# [Try it]
Could you restate the entries word for word, without the images?

^^^^^^^^^^^^^^^^

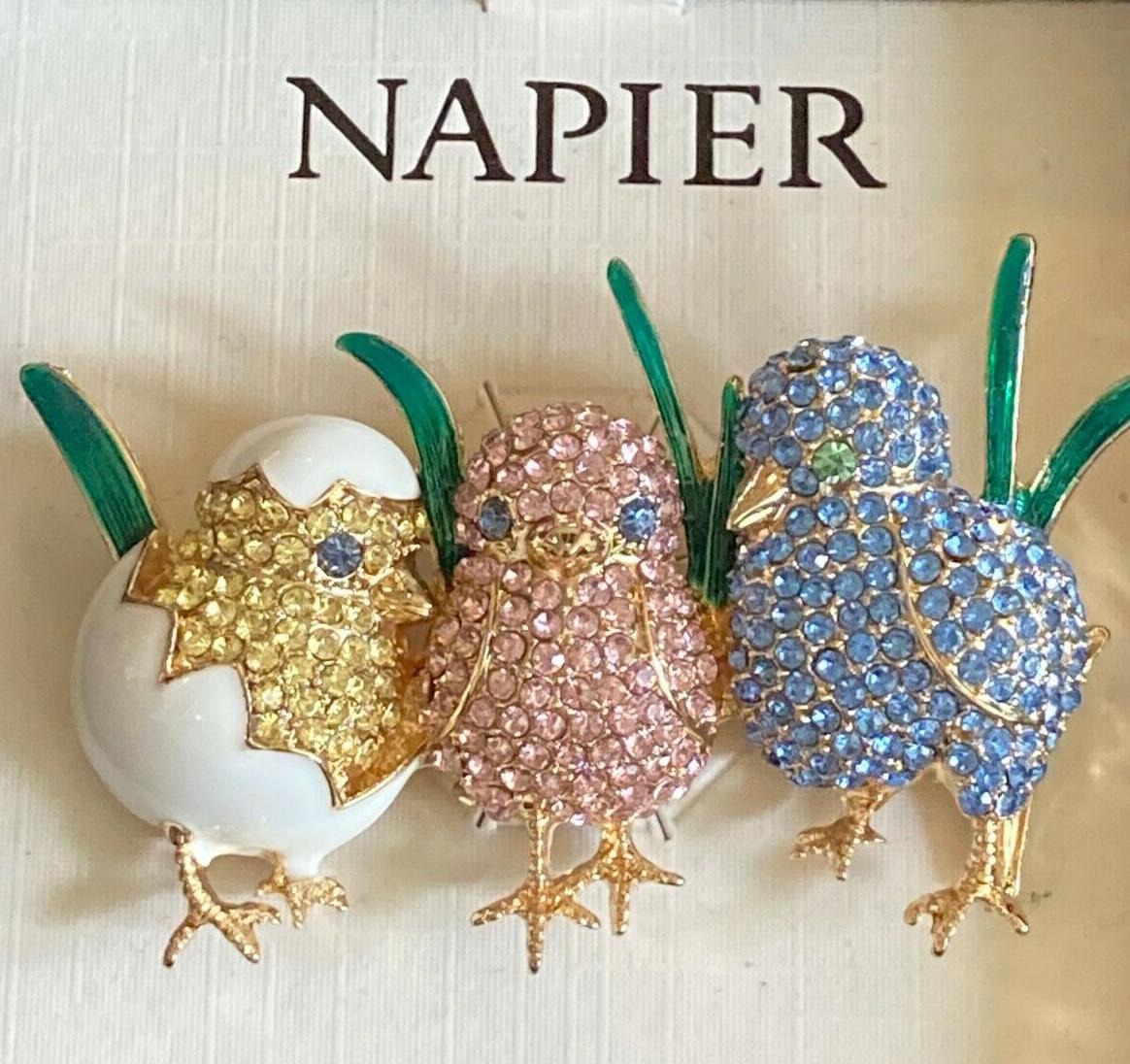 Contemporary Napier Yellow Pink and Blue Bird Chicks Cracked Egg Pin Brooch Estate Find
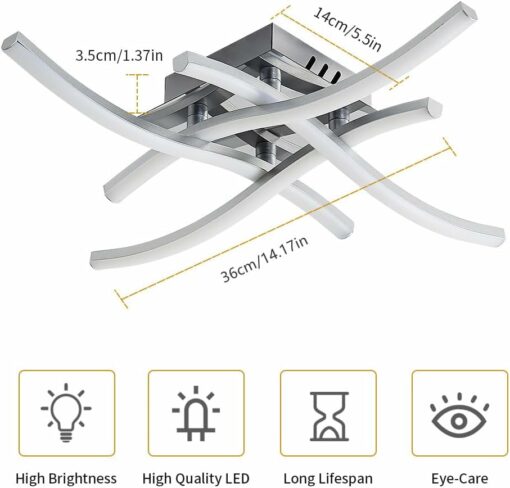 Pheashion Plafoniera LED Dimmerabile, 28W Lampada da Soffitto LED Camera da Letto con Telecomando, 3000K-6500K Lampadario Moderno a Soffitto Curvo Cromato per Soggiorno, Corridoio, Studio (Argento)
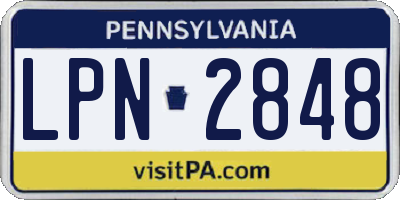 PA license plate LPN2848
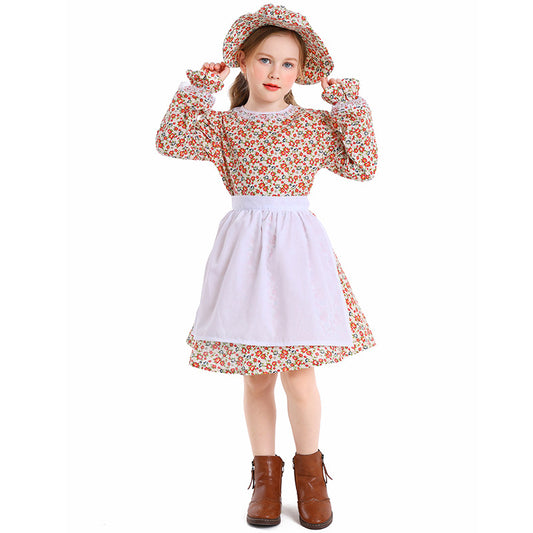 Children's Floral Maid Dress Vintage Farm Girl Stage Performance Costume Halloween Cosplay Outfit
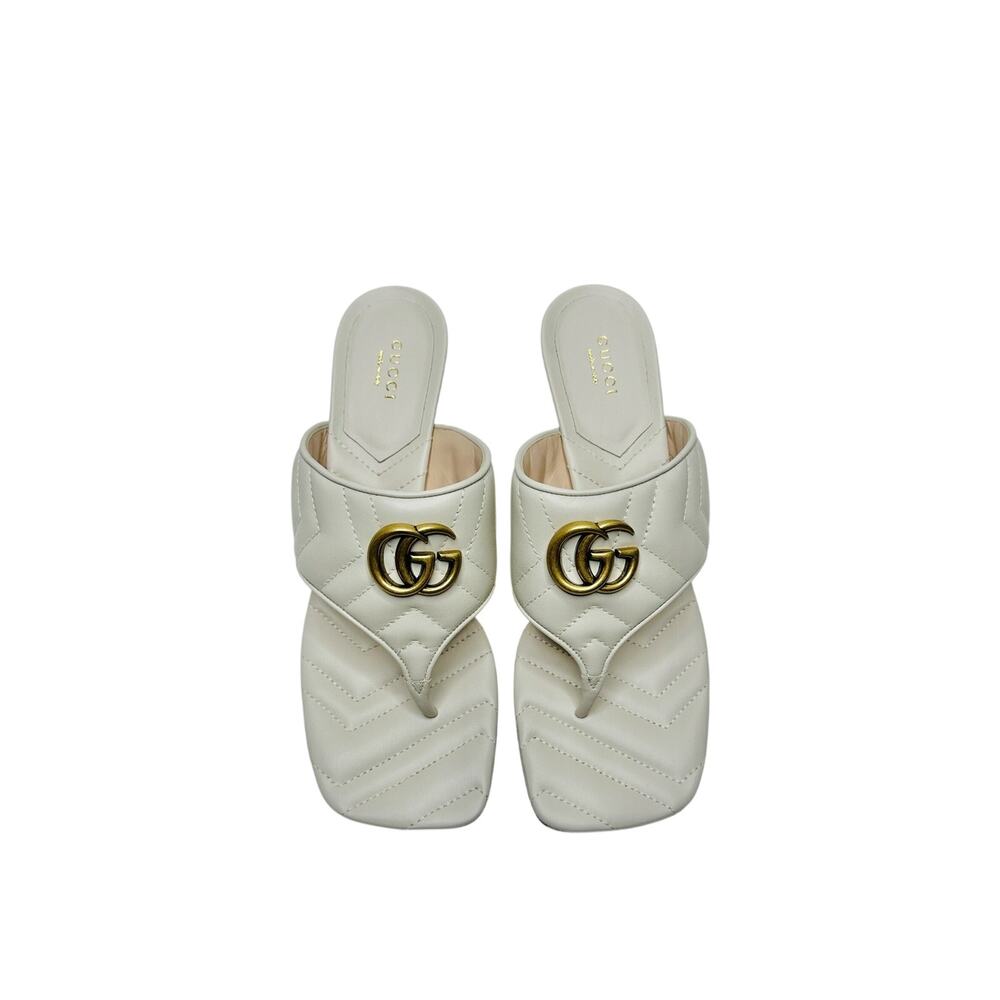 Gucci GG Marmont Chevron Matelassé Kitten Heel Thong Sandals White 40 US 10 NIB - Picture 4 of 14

^^^^^^^^^^^^^^^^

# [Solution]
 Contemporary Napier Yellow Pink and Blue Bird Chicks Cracked Egg Pin Brooch Estate Find
 Pheashion Plafoniera LED Dimmerabile, 28W Lampada da Soffitto LED Camera da Letto con Telecomando, 3000K-6500K Lampadario Moderno a Soffitto Curvo Cromato per Soggiorno, Corridoio, Studio (Argento)
 PA license plate LPN2848
 Children's Floral Maid Dress Vintage Farm Girl Stage Performance Costume Halloween Cosplay Outfit
 Gucci GG Marmont Chevron Matelassé Kitten Heel Thong Sandals White 40 US 10 NIB - Picture 4 of 14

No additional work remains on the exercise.